= Litberg =

The Litberg is, at 65 metres above sea level (NN), the highest point in the district of Stade, Germany. It lies about 2.5 kilometres south of Beckdorf in the municipality of Sauensiek. The Litberg is a small hill covered with birch, pine, willow and alder, which was formed from an Ice Age moraine. It forms a protected area on the geest west of the Harburg Hills.

== Access ==
The hill can best be accessed from the south, from the town of Sauensiek, or from the north, starting from Beckdorf or its subdistrict of Goldbeck. From the east, one can also start from the village of Regesbostel.

== Views ==
The summit is located in the middle of the forest, so the best views are from the edge of the forest during the ascent and from the 25 m high observation tower, which was built in October 2008 at the summit.
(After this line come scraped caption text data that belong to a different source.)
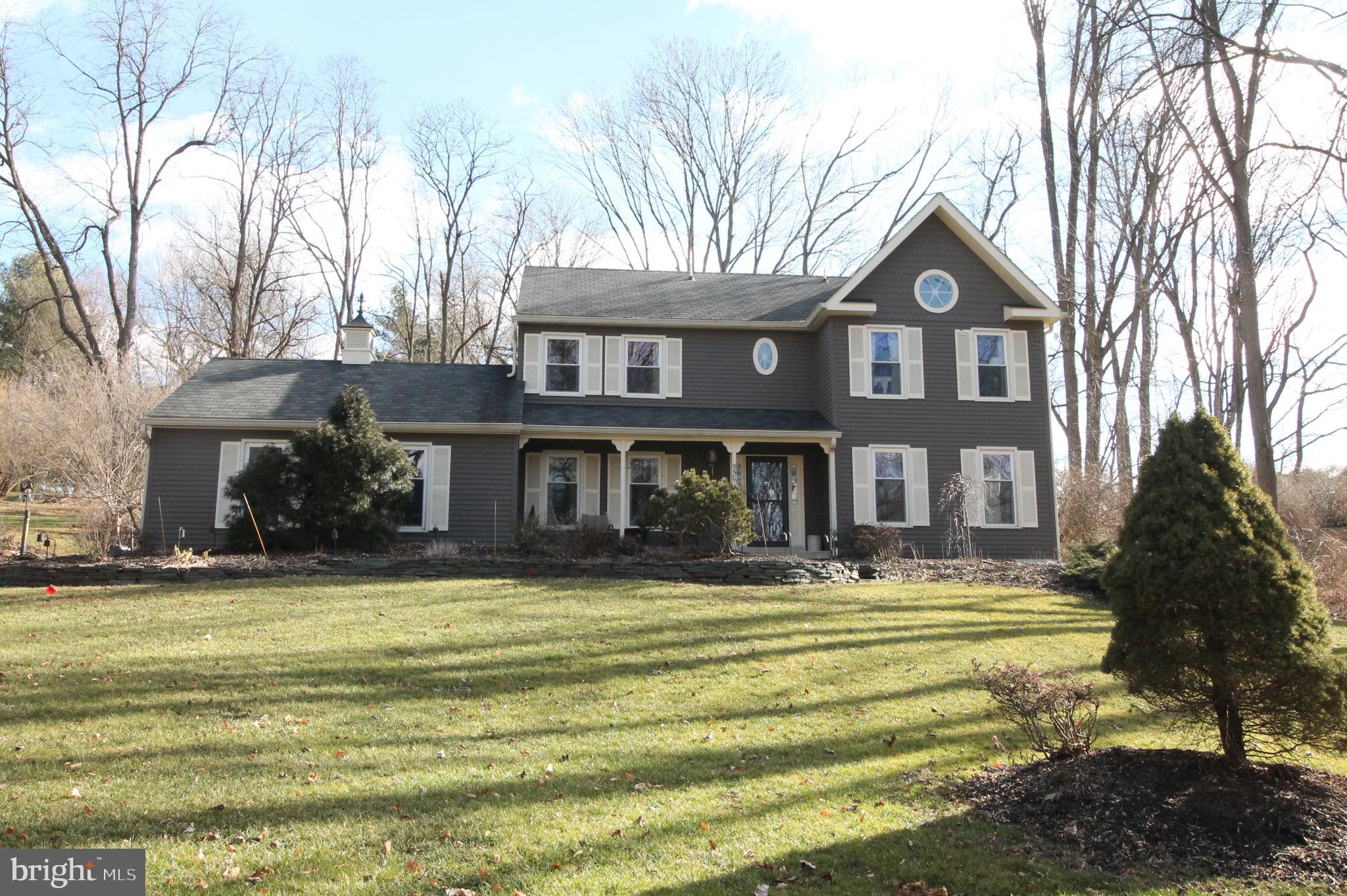 HILLSDALE FARM - Residential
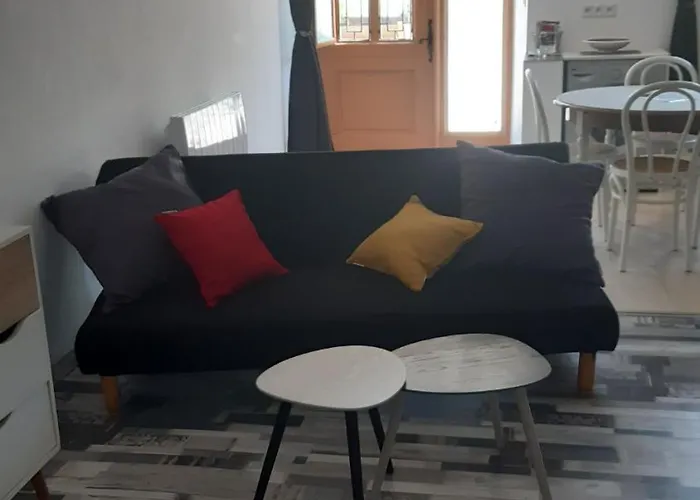 Studio A Ban De Sapt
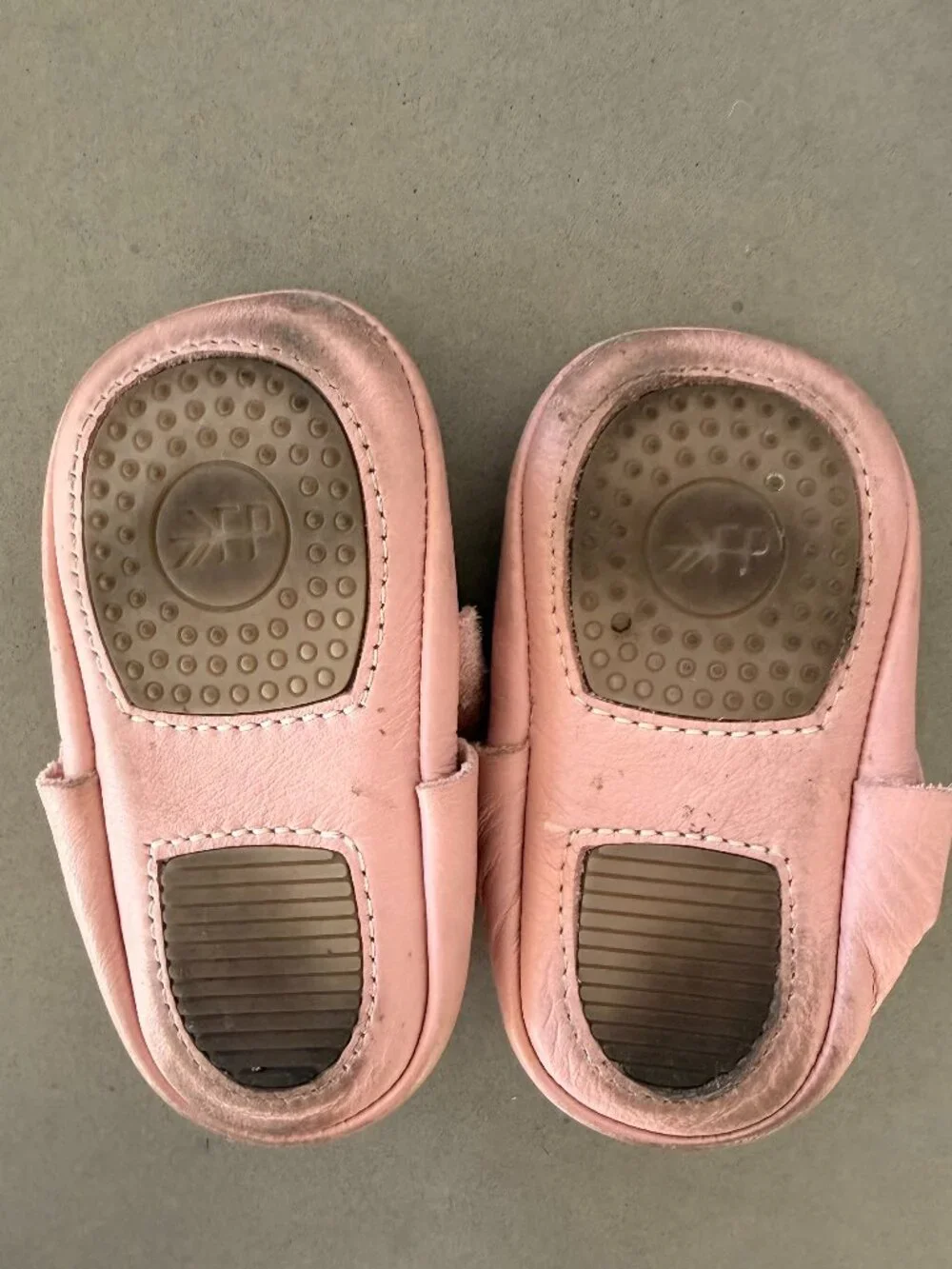 Freshly Picked Girls Pink Leather Bow Slip-On Shoes Size 4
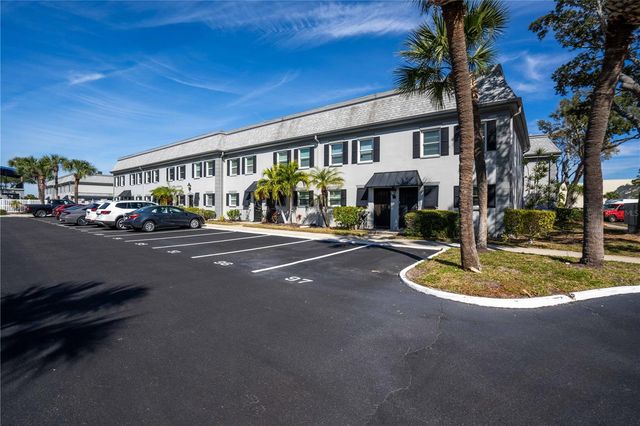 6927 PLACE DE LA PAIX 6927, St Petersburg, FL 33707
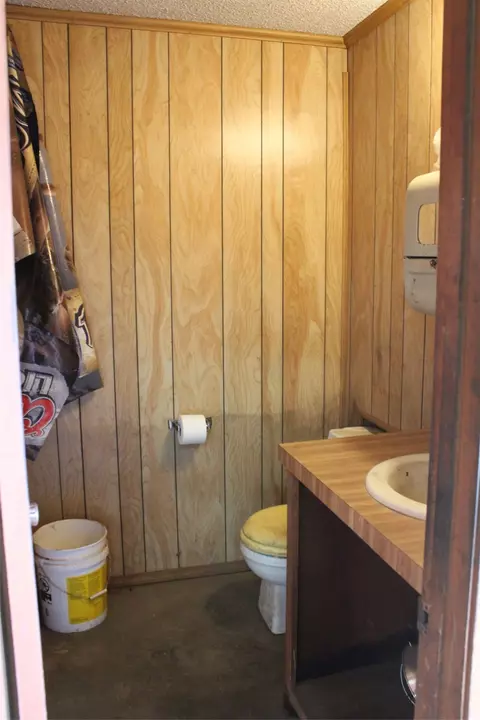 105 S 5th St, Goree, TX 76363 photo 10
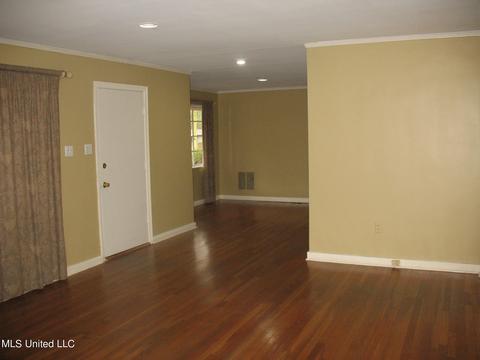 4233 Forest Park Dr, Jackson, MS 39211 photo 9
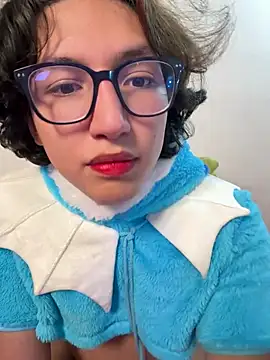 -BlueOpal- online show from July 27, 2026, 4:52 am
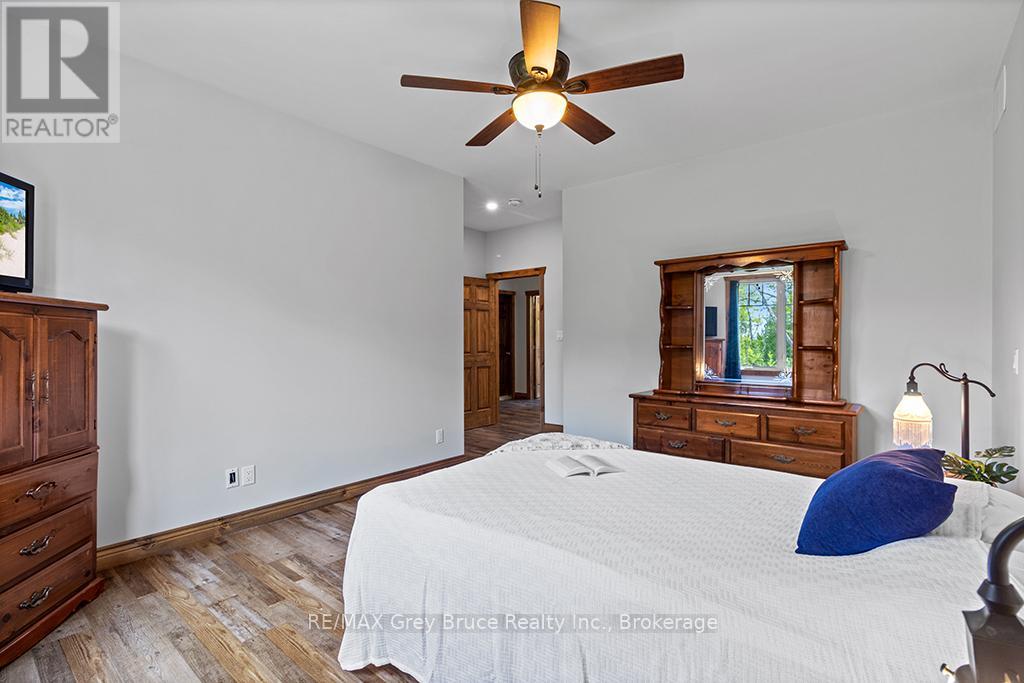 1379 West Road, Northern Bruce Peninsula, Ontario  N0H 1W0 - Photo 22 - X12857336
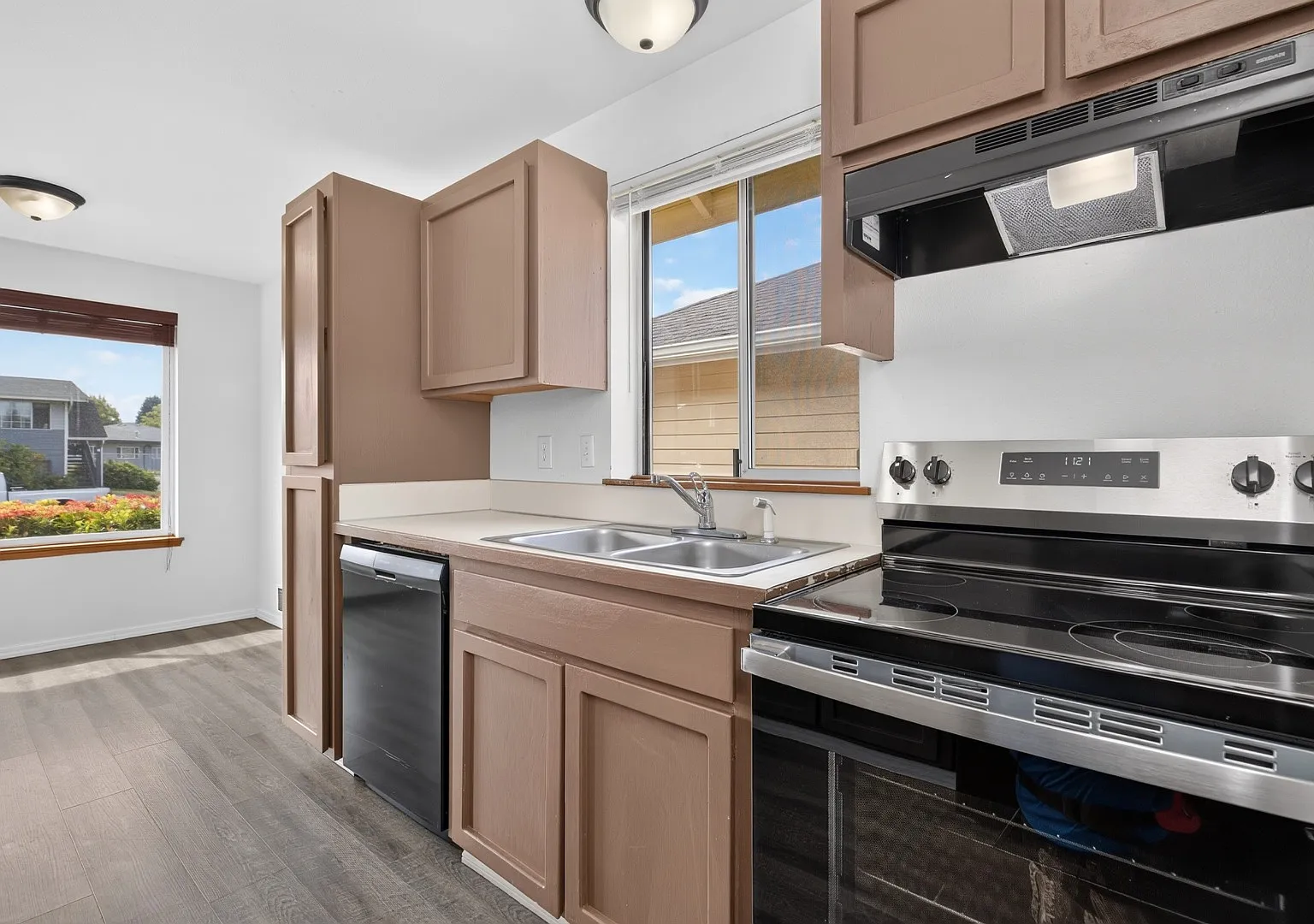 Large 3 bed, 2 bath with private Yard and Garage! — Photo 3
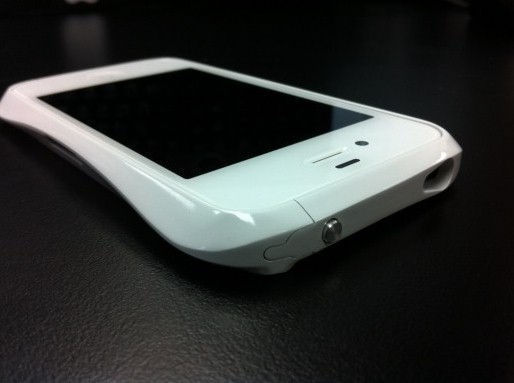 iPhone4Sを購入すると同時に、もっとも合いそうなアルミケースを探しているときに出会った商品。細部まで美しく、高級感と強度、どちらも高いレベルを持ったケースをご紹介。 iPhone4Sを購入すると同時に、もっとも合いそうなアルミケースを探しているときに出会った商品。細部まで美しく、高級感と強度、どちらも高いレベルを持ったケースをご紹介。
In clear conditions you can see the Hamburg TV tower and Köhlbrand Bridge on the horizon. In addition, there are good views over the geest all around the area.

== History ==
Carl Friedrich Gauss was supposed to survey the Kingdom of Hanover from 1821 onwards. He was only able to overcome the problems that arose in the North German Plain (the lack of landscape surveys) with inter alia the help of the Litberg. This survey was later commemorated on the back of the 10 Deutschmark note.

From 1949 to 1962 sand and gravel were mined here in an open-cast mine. As a result of this several glacial erratics were uncovered. The terrain was fully recultivated when the mine closed and has been left to nature.